Insurance company accounting is never the most straightforward of exercises, as Quinn Insurance administrators Grant Thornton are learning. The group recorded profits of €188 million last year but only after €175 million was released from reserves, following €184 million released the previous year. This means the administrators had overprovided for likely claims by a hefty €350 million-plus when the two years are added together. Claims fell significantly last year and the administrators are selling off assets rapidly, including hotels and commercial property.
Quinn, founded by Seán Quinn, entered administration in 2010 and Liberty took on its business here, but the company in administration continues to manage the run-off liabilities. The administrators are cutting costs – expenses fell by €21 million to €6 million as the business is effectively wound down. However, fees paid to Grant Thornton went up to just under €3 million, from €2.8 million the previous year.

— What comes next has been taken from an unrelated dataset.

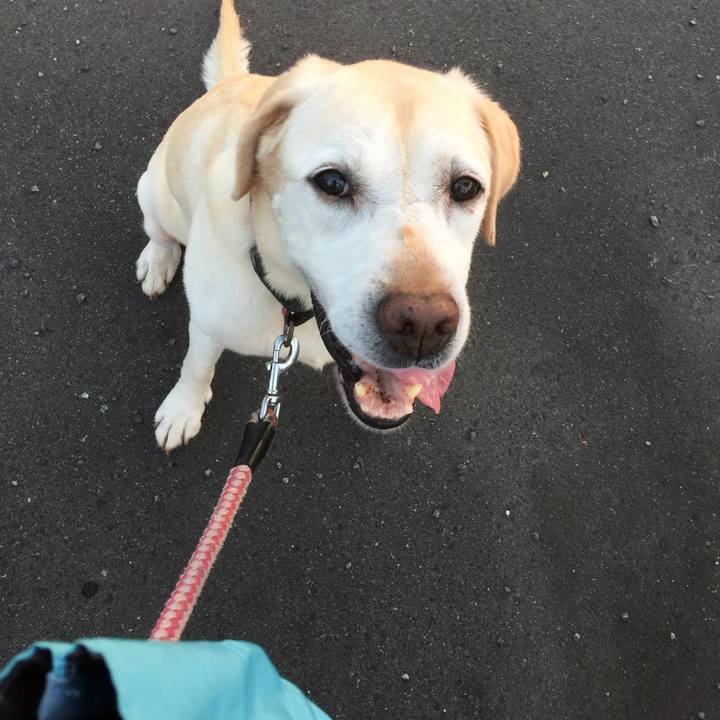 42ea35ff 5591 45a4 b755 10fb9afdd6f6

The joint liquidators still expect the call on the Insurance Compensation Fund from the Quinn collapse to be in the €1 billion to €1.3 billion range. The slow realisation of the scale of the hole was a matter of some exasperation to Minister for Finance Michael Noonan at the time. However, the administrators had warned that in a worst-case scenario the cost would could reach €1.65 billion. This is not now seen as likely. Still, we will all be paying for it via the insurance levy for some years to come.
Of course the big action here now springs from the decision of Grant Thornton to sue PWC, Quinn Insurance’s former auditors, for alleged shortcomings in its audit, claiming damages of up to €1 billion. PWC has said it will strenuously defend the action which, while taken in 2013, is still wending its way through preliminary hearings.